---------- Dataset records ----------
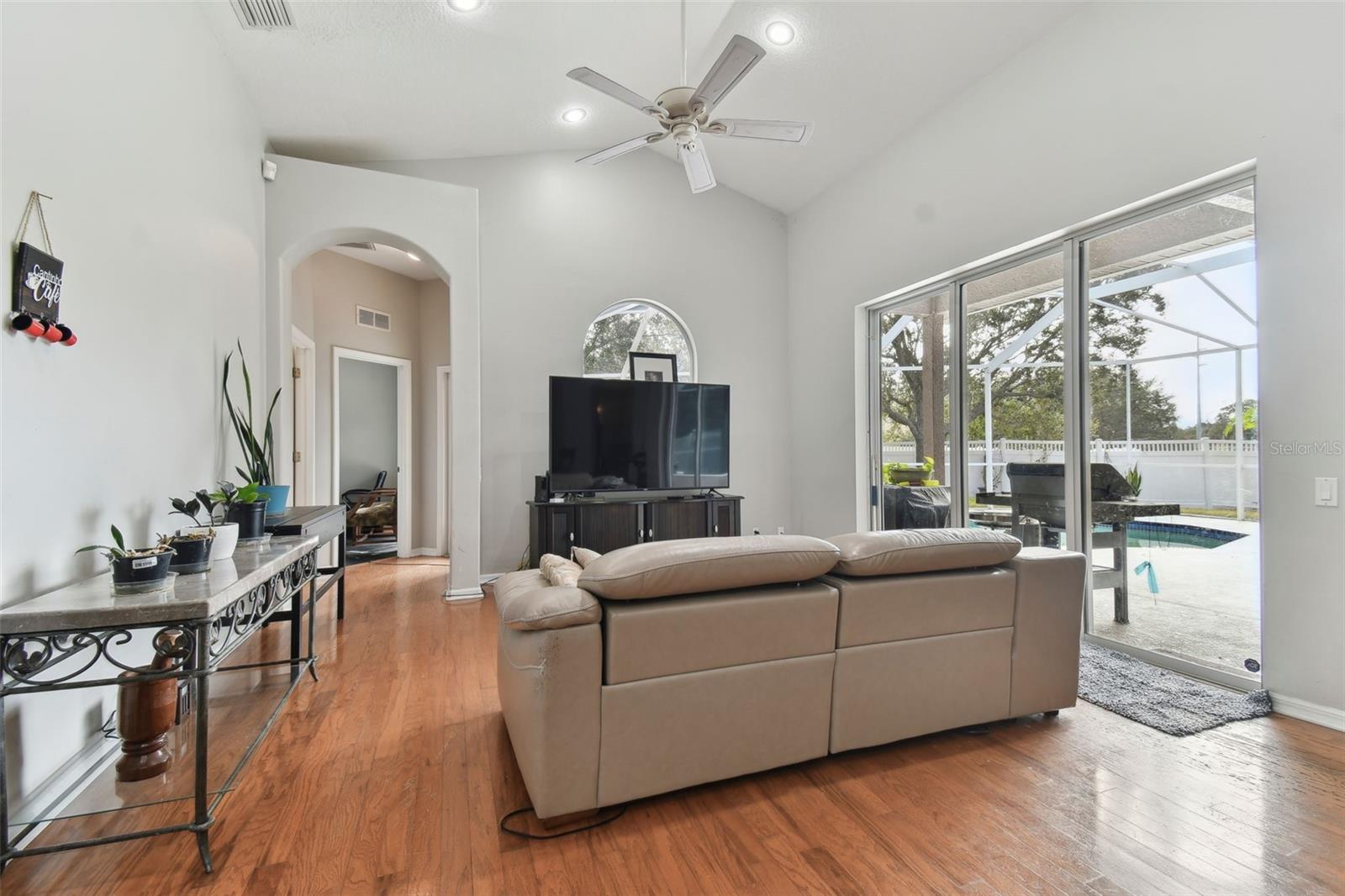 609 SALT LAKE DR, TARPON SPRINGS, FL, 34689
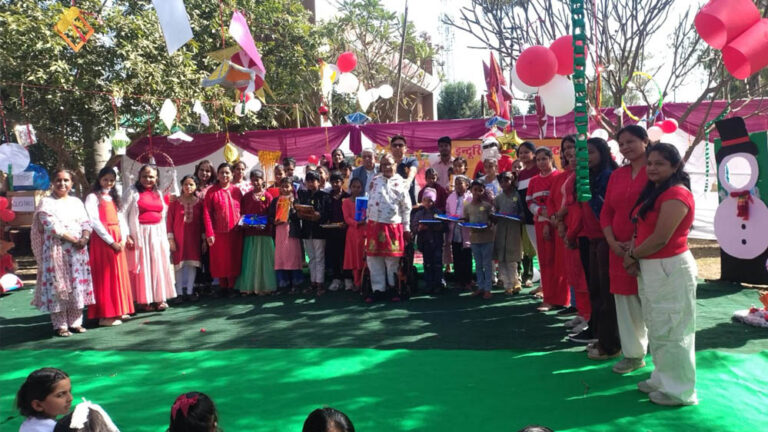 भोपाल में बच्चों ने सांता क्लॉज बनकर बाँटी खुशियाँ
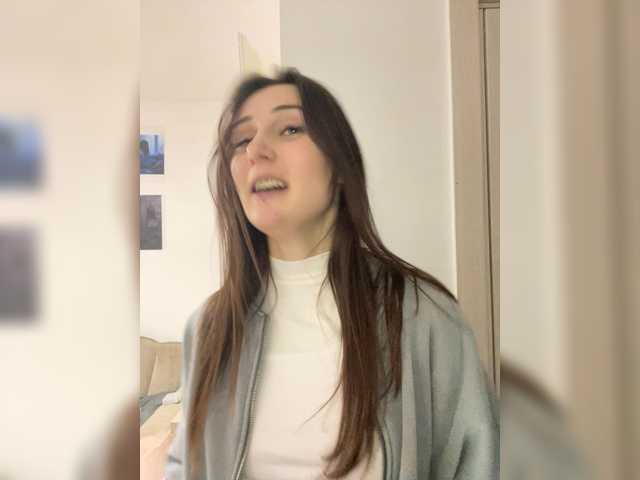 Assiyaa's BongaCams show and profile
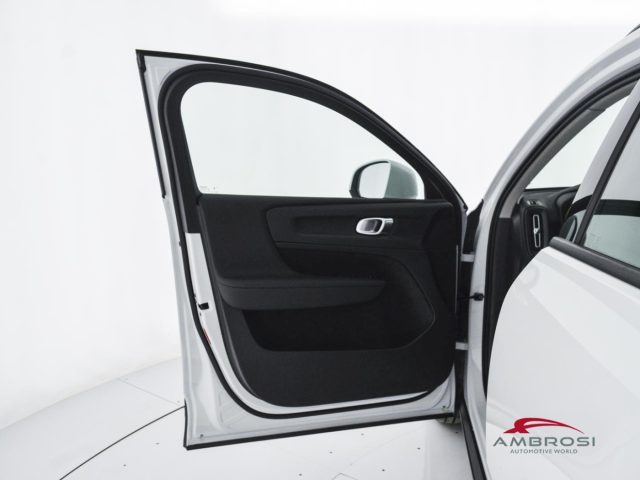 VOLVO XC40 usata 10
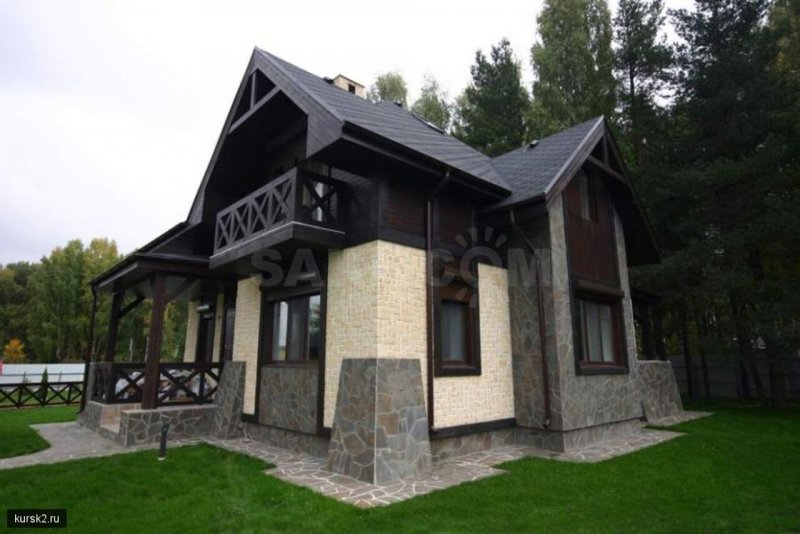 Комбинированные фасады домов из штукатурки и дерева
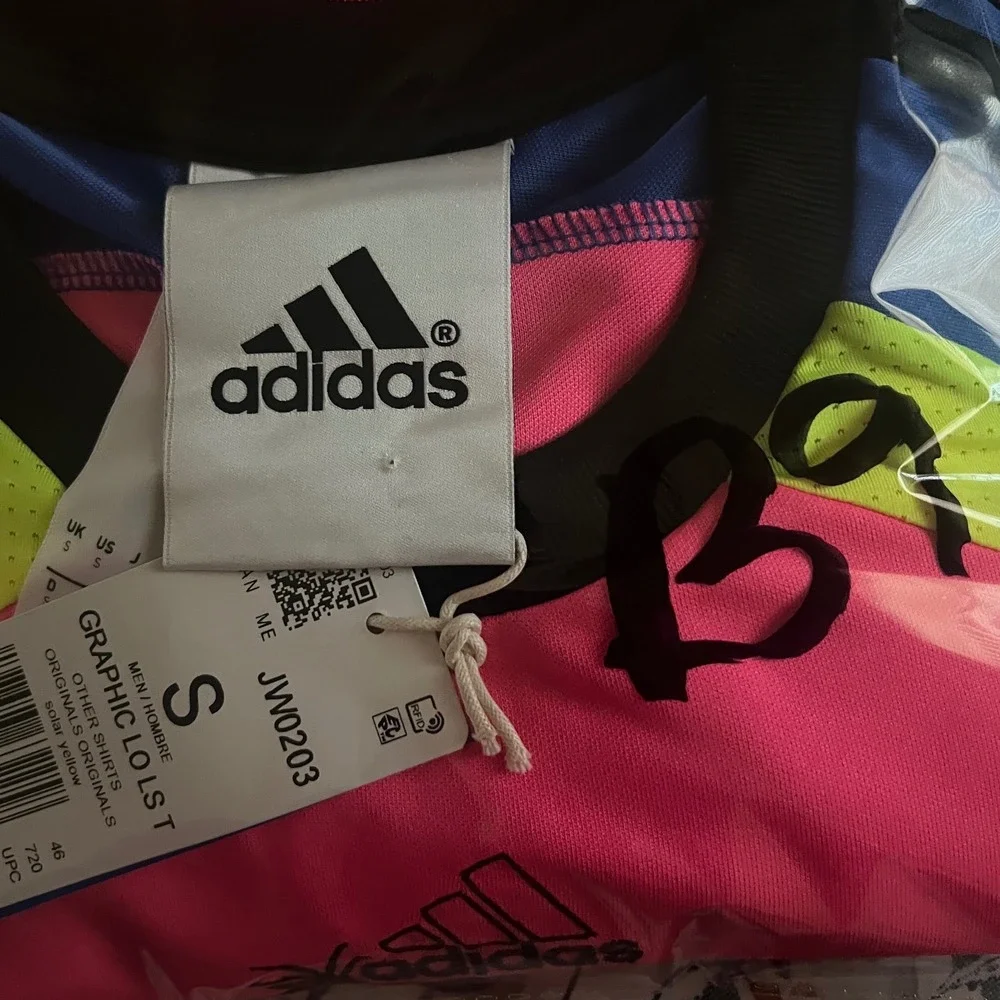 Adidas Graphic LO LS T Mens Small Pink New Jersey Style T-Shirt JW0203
----------
---------- Dataset records ----------
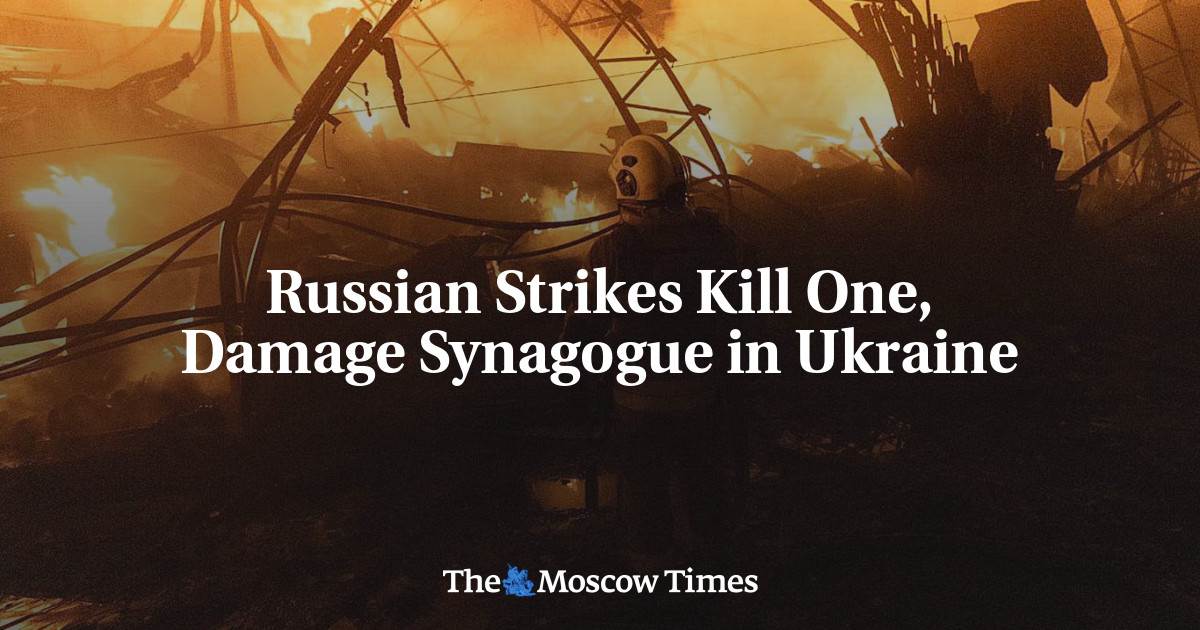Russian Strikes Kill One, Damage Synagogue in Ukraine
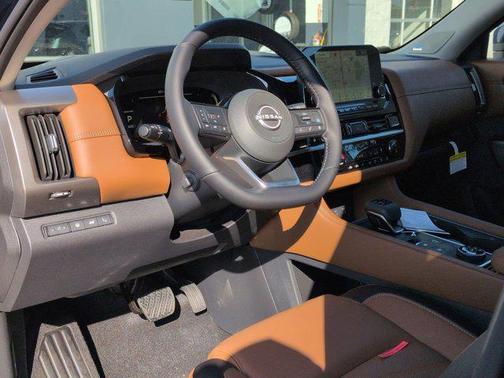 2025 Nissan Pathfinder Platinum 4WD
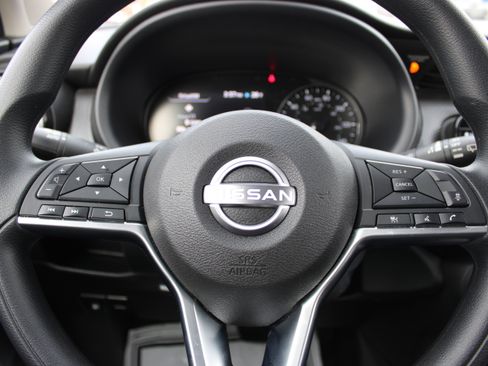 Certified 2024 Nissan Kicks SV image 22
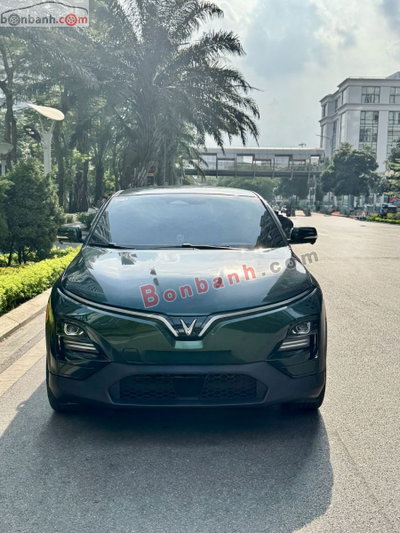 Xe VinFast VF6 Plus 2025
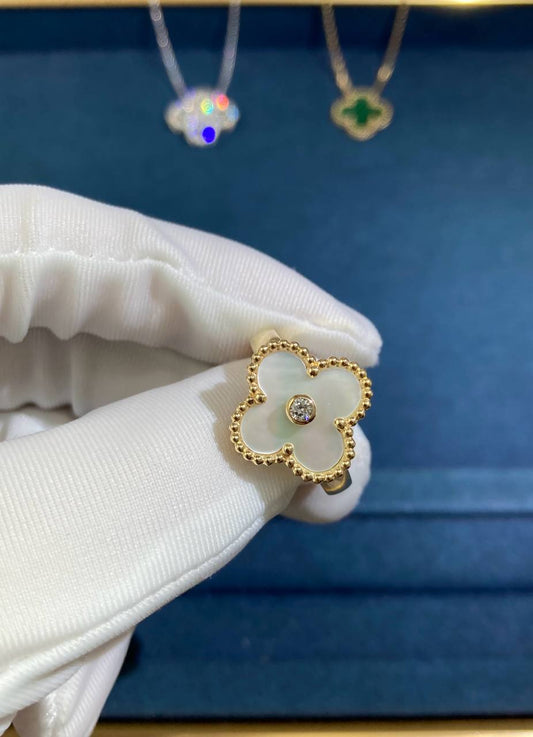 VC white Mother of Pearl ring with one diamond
----------
---------- Dataset records ----------
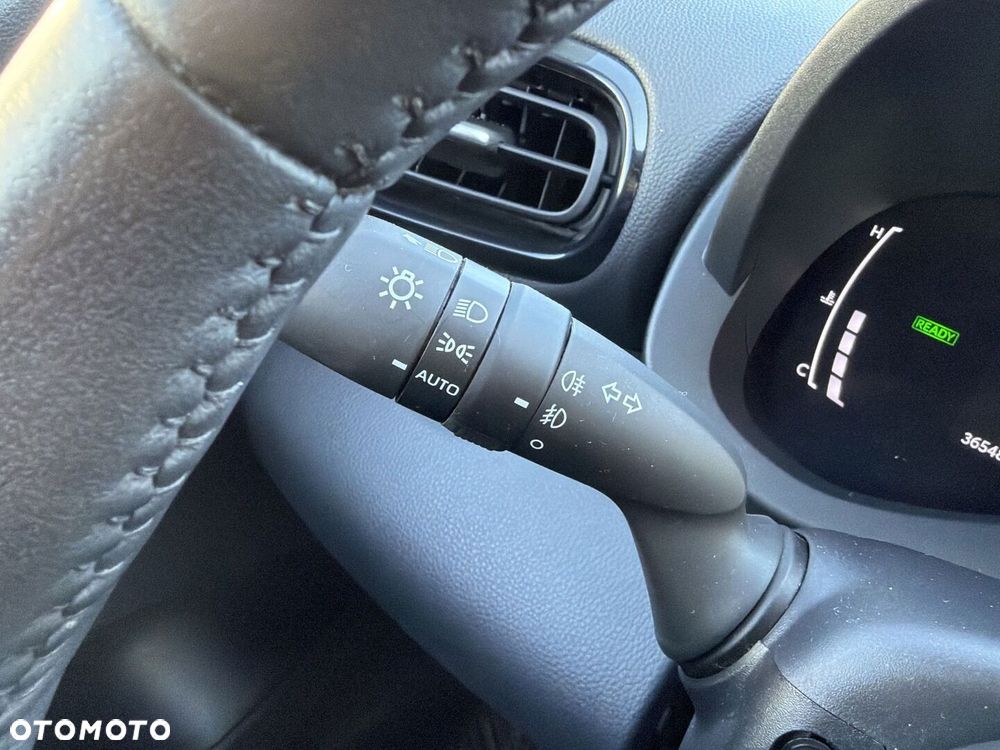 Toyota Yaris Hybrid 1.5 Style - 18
----------
Required work =
Would you copy the lines above exactly, starting with the one that has "Certified 2024 Nissan Kicks SV image 22" and ending with the one that has "VC white Mother", both included, without the pictures?

Result of the exercise =
 Certified 2024 Nissan Kicks SV image 22
 Xe VinFast VF6 Plus 2025
 VC white Mother of Pearl ring with one diamond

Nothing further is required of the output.